Null Hypothesis: Mean Airbnb rental price for private room = Mean Airbnb rental price for shared room Alternative Hypothesis: Mean Airbnb rental price for private room > Mean Airbnb rental price for shared room
airbnb_private_room <- airbnb %>%
subset(room_type == "Private room" ,na.rm = TRUE)
airbnb_shared_room <- airbnb%>%
subset(room_type == "Shared room" ,na.rm = TRUE)
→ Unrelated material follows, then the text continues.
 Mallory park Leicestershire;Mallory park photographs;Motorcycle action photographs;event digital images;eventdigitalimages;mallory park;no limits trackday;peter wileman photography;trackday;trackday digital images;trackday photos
#Call the Explore Function and get the Mean, Median, Standard Deviation, and Length.
airbnb_private_room_exp <- explore(airbnb_private_room$price)
airbnb_private_room_exp[1]
## Mean
## 82.3855
airbnb_shared_room_exp <- explore(airbnb_shared_room$price)
airbnb_shared_room_exp[1]
## Mean
## 68.92903
#Calculate the SD, z-score and p-values
sd_private_shared <- sqrt(airbnb_private_room_exp[3]^2/airbnb_private_room_exp[4] +airbnb_shared_room_exp[3]^2/airbnb_shared_room_exp[4])
z_score <- (airbnb_private_room_exp[1]-airbnb_shared_room_exp[1])/sd_private_shared
#z_score
print(paste("z-score", z_score))
## [1] "z-score 3.52298037786318"
print(paste("p-value", 1-pnorm(z_score)))
## [1] "p-value 0.000213361475987051"
Since the P-value is less than the threshold of 0.05, we can reject the Null Hypothesis and accept the Alternate Hypothesis.
Filtering out prices greater that $500 as most prices are in the range of $0-$200 and anything beyond 500 should be outliers
airbnb %>%
filter(price <=500) %>%
ggplot(aes(room_type, price, fill = room_type)) +
geom_boxplot() +
xlab("Room Type") +
ylab("Price") +
ggtitle("Price by Room Type") +
theme(plot.title = element_text(hjust = 0.5), legend.position="none")
ggplotly()
The above box plots show that the median price of entire home/apt is greatest and the private room is greater than shared room. However, there are a huge number of outliers in each categories.